Other sessions that stood out for me were the Active Data Management Plans and Data Management Plans sessions discussing the future of data management plans. Currently in most institutes the data management plan is just a document generated at the start of the project that does not evolve or is monitored. But there are many initiatives to make the DMP a document that evolves through its entire lifecycle ensuring that data is appropriately managed, archived, preserved and available for re-use. Some examples of institutes were shown where the DMP is already more integrated with the data flow with their challenges and future plans. To make the DMP a really useful document for our researchers we should keep an eye on these initiatives and start to move from the pdf downloaded from DMPonline to a more active DMP
Dieuwertje Bloemen, KU Leuven on FAIR, GORC, TRUST, CARE and other acronyms
As we all know there are many acronyms circulating in the landscape of RDM (ooh, another one) and that was no different at this conference. We are all familiar with the FAIR principles and some might already know or might have heard of the TRUST and CARE principles.
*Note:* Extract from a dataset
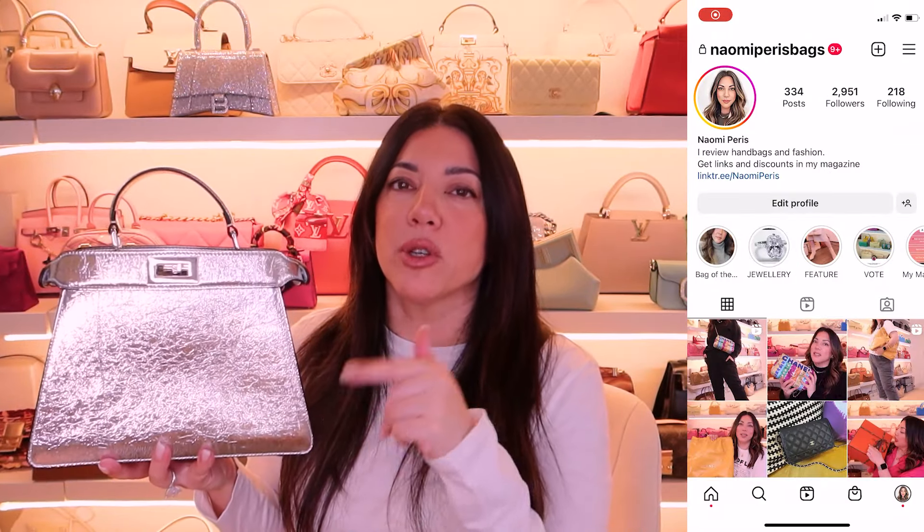There you go guys — this is my new Fendi Essentially in this beautiful crushed silver finish. I haven't come across a bag like this before; I feel like it is just so unique, and because of the way the leather is, each one is going to be different — you might get more wrinkles with some, less with others, lines in different spots, and that's the beauty of it. Thank you so much for watching. Remember to subscribe — I do two videos a week on Tuesdays and Thursdays, and head over to my Instagram where I post nearly daily. I hope to see you next time!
But GORC was a relatively new one to me.
As someone who works with KU Leuven’s institutional data repository, RDR, on a daily basis, the TRUST principles (Transparency, Responsibility, User focus, Sustainability, and Technology) have been a great guiding principle to further develop the repository and its documentation and policies. The principles are similar to the FAIR principles, but rather than describing best practices for research objects, it describes best practices for repository infrastructures and how they can improve their set-up and documentation. The CARE principles (Collective benefit, Authority to control, Responsibility, and Ethics), on the other hand, have a similar focus as the FAIR principles, and can even be considered an extension of the FAIR principles when the research objects have to do with indigenous data and their governance.
The GORC acronym rang a bell for me, but I didn’t know the details, so I decided to join the RDA session on GORC (Global Open Research Commons). The GORC RDA WG aims to create a framework of recommendations and to create a roadmap to implement commons on an institutional, national, cross-national or global level in such a way that these commons initiatives have an interoperable common core. As they say: “The purpose of the GORC-WG International Model (IM) is to provide a framework and common language to stakeholders around the world who are committed to developing interoperable research services for the public good. The target audience for the model is anyone that is involved in the planning, development, operation, funding or use of a research commons” (The Global Open Research Commons International Model, Version 1).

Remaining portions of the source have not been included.